Cependant l'étude microscopique de la structure des végétaux avait montré chez ces organismes une remarquable unité de structure. On savait depuis longtemps que leurs tissus présentaient une multitude de vacuoles plus ou moins semblables entre elles, qu'on désignait souvent sous le nom de _cellules_. En 1835, Johannes Müller avait signalé une structure semblable dans la corde dorsale des embryons de vertébrés, dans le cristallin, la choroïde, les masses graisseuses. Schleiden, en 1838, fit ressortir toute l'importance du rôle joué par la cellule dans l'organisation des végétaux, montra qu'on pouvait considérer ces êtres comme des associations de cellules, et définit en même temps ce qu'on devait entendre par ce mot: la cellule végétale est, suivant lui, un sphéroïde creux dont la paroi est généralement résistante et encroûtée de cellulose, dont le _contenu_ est à demi fluide et se dispose autour d'une petite masse centrale, le _noyau_, contenant un ou plusieurs _nucléoles_. Plusieurs fois des éléments semblables avaient été soigneusement décrits chez les animaux. Théodore Schwann, frappé de la simplicité de la théorie de Schleiden, réunit, en 1839, tous les faits connus jusqu'à lui relativement à l'existence de cellules animales, et proclama à son tour que tous les animaux étaient formés de cellules ne différant de celles des végétaux que par la minceur ordinairement plus grande et par la plasticité de leur membrane d'enveloppe. Ces cellules se formaient, suivant lui, spontanément, soit à l'intérieur d'autres cellules, soit dans une substance amorphe interposée entre les cellules déjà existantes.

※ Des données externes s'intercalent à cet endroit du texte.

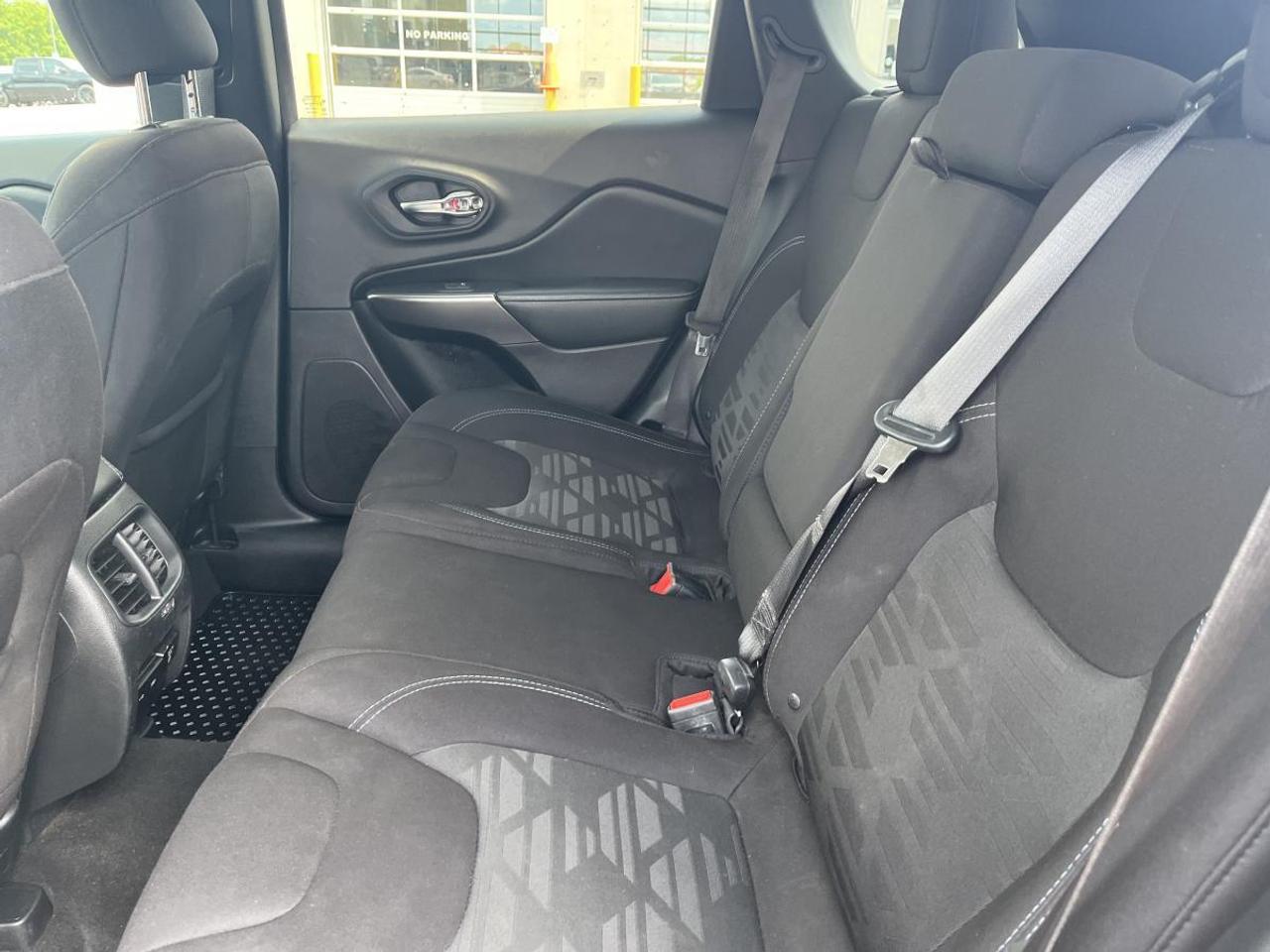 2020 Jeep Cherokee NORTH 4X4 Photo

Étant donnée la définition des cellules admises par Schleiden et par Schwann, il était impossible de ne pas être frappé de l'identité de structure que l'œuf de la plupart des animaux présentait avec ces éléments. L'œuf était donc une cellule. En 1824, Prévost et Dumas avaient montré que le premier phénomène du développement consistait dans une segmentation plusieurs fois répétée du contenu de l'œuf. Bischoff et Reichert prouvèrent que les cellules constitutives du corps des animaux provenaient de ces sphères de segmentation, si bien que, dès 1844, Kölliker posait en principe que, contrairement à l'opinion de Schwann, «il n'existe nulle part, dans le développement embryonnaire, de formation libre de cellules; qu'au contraire toutes les parties élémentaires du futur embryon, de même que tous les éléments vivants de l'animal adulte, sont les descendants immédiats d'un élément primitif unique, l'œuf.» Les animaux sont donc des associations de cellules issues les unes des autres soit par division, soit par bourgeonnement, de sorte que de chacune d'elles on peut remonter par une série de générations jusqu'à l'œuf.